La participation du conseil d'administration est prévue dans l'application des principes de régie. Si une mesure que nous jugeons appropriée nécessitait l'application de ces principes, je n'hésiterais pas à consulter le conseil d'administration. C'est ainsi qu'il convient de procéder à mon sens. Je demanderais aux membres du conseil s'ils sont convaincus du bien-fondé de notre décision.

Cette année, étant donné la nature des questions posées aux conseils d'administration des banques, j'ai eu des entretiens personnels avec les représentants de pratiquement toutes les grandes banques canadiennes et j'étais parfois accompagné de notre président. Nous avons toujours suivi nos lignes directrices concernant les votes par procuration. Le conseil d'administration approuvait notre démarche et était au courant de ce qui se passait.

Le sénateur Di Nino: Vous avez dit qu'un plafond de 30 à 35 p. 100 sur les investissements à l'étranger vous conviendrait. Profiteriez-vous au maximum de ce plafond ou n'estimez-vous pas qu'il faudrait le supprimer complètement?

M. Gunn: Il ne devrait pas exister de plafond. La formule optimale que des firmes comme Mercer ont tendance à recommander, à l'instar des actuaires, est un plafond de 30 p. 100 tout au plus, notamment parce que le passif des caisses de retraite est payable en dollars canadiens et que mathématiquement, il est ridicule de vouloir dépasser une certaine limite.

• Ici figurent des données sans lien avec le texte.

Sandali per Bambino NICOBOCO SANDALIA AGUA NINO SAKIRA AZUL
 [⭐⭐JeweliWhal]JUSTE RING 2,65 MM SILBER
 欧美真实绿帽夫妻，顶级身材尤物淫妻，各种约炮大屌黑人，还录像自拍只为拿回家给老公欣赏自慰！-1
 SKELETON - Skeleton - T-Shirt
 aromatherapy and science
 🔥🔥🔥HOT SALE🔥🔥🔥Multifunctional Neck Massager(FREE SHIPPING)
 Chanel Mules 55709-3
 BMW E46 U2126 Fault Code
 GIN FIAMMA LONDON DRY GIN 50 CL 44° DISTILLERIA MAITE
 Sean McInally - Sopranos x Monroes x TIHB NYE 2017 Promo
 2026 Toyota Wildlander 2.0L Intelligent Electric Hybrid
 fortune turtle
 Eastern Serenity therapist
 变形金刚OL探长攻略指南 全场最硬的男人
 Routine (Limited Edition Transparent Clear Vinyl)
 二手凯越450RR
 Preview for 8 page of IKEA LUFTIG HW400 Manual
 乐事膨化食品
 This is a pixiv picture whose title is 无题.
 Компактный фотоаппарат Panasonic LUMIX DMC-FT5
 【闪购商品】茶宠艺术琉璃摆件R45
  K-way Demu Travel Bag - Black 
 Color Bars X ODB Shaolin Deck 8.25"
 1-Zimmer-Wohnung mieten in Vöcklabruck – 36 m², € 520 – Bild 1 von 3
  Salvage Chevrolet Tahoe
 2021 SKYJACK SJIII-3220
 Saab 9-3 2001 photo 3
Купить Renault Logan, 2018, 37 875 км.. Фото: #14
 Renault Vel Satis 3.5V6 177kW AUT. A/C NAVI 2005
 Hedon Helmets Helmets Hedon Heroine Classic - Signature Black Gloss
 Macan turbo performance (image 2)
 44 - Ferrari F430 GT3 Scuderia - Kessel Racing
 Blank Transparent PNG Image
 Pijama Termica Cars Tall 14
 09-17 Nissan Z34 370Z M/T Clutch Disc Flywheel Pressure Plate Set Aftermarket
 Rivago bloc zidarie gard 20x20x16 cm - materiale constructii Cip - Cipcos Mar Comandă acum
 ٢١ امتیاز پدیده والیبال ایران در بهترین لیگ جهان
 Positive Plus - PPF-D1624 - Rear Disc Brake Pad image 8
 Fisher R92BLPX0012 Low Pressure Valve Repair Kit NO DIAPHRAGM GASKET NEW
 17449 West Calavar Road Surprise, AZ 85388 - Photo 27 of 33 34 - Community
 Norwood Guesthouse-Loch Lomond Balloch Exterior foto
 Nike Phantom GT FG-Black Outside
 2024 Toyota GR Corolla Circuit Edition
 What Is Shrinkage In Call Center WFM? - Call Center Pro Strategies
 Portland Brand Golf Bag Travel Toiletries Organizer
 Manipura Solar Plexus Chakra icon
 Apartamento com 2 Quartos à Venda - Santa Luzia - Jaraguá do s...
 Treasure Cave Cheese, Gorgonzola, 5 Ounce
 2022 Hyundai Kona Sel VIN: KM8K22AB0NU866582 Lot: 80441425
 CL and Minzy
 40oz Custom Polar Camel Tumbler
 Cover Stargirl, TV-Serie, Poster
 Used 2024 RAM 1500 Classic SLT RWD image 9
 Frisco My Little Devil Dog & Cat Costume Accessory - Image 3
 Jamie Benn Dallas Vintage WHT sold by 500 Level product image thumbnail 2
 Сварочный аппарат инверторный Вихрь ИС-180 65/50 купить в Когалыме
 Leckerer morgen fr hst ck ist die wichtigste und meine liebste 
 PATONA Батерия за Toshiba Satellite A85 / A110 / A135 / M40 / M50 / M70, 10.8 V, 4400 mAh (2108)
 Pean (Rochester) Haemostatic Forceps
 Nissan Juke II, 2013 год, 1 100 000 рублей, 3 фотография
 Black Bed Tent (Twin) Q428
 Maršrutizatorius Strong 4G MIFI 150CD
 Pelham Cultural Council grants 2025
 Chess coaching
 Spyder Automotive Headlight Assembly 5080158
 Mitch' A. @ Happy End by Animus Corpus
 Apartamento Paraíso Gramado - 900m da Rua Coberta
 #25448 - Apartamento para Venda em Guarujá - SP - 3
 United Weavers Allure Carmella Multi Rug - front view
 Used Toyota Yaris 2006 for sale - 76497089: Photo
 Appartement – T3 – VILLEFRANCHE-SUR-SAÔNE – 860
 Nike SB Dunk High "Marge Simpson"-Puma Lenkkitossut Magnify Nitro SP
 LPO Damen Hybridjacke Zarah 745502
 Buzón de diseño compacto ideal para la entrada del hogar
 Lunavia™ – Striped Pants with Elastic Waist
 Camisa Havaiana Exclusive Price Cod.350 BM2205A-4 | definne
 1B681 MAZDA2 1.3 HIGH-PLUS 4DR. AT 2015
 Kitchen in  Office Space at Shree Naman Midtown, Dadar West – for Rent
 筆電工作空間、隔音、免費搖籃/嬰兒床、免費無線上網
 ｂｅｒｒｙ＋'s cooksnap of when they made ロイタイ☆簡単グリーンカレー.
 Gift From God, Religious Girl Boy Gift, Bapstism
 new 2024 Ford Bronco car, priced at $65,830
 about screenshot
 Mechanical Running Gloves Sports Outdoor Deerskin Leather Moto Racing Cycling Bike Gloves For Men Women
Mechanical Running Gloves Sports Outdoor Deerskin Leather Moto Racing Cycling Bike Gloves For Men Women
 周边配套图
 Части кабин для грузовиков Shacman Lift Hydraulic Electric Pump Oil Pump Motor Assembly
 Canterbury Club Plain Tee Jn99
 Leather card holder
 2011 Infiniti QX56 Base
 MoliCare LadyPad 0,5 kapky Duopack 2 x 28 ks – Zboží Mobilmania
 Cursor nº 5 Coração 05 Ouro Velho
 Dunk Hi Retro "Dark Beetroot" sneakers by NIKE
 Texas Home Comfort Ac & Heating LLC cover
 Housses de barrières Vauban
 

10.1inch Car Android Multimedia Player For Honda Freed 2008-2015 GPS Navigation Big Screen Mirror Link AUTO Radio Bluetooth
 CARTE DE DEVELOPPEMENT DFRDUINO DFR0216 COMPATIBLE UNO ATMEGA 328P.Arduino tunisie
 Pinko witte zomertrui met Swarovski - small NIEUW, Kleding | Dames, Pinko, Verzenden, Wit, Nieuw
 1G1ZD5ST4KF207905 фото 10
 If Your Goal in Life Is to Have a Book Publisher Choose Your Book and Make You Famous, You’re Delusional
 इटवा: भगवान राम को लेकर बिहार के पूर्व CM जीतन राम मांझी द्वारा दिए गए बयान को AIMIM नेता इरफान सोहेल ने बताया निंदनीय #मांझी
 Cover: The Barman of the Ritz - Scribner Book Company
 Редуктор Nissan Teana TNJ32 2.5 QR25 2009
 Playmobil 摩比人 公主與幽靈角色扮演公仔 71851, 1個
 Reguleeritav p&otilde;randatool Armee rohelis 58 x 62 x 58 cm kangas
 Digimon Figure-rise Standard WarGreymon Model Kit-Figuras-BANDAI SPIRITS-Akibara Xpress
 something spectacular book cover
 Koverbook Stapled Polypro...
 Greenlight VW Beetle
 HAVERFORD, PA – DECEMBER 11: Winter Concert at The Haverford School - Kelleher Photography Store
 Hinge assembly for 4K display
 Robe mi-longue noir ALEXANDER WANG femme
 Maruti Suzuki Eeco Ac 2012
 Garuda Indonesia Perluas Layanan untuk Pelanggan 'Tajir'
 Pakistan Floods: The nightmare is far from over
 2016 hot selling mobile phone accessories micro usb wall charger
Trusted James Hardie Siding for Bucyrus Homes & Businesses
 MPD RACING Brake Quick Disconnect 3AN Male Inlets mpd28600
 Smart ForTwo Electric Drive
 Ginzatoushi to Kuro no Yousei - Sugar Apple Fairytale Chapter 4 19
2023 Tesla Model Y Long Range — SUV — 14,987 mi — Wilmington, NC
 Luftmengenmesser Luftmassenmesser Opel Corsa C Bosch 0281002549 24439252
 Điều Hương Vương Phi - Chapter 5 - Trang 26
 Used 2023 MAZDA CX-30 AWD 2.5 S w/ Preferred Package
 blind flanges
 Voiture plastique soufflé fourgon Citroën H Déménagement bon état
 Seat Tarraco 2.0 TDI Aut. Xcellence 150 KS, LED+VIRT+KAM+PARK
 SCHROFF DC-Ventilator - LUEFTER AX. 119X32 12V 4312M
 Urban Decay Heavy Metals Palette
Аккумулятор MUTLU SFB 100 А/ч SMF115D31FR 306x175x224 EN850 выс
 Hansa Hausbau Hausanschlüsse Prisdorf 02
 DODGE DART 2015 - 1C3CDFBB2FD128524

En outre, dans les pays où il n'existe pas de plafond, on a tendance à investir sur les marchés mondiaux et quand il existe un plafond, il dépasse rarement 30 p. 100. La principale raison est que le passif est payable en dollars canadiens. Si l'on préconise de relever le plafond actuel, c'est en partie à cause de la façon dont la Bourse de Toronto est administrée, mais sa structure administrative n'est pas nécessairement adaptée aux réalités économiques canadiennes. Une participation accrue à l'activité économique canadienne est dans l'intérêt de tous. Si cela nécessite la participation par le biais d'entreprises constituées à l'étranger, il faut reconnaître après tout que cela fait partie des objectifs du libre-échange.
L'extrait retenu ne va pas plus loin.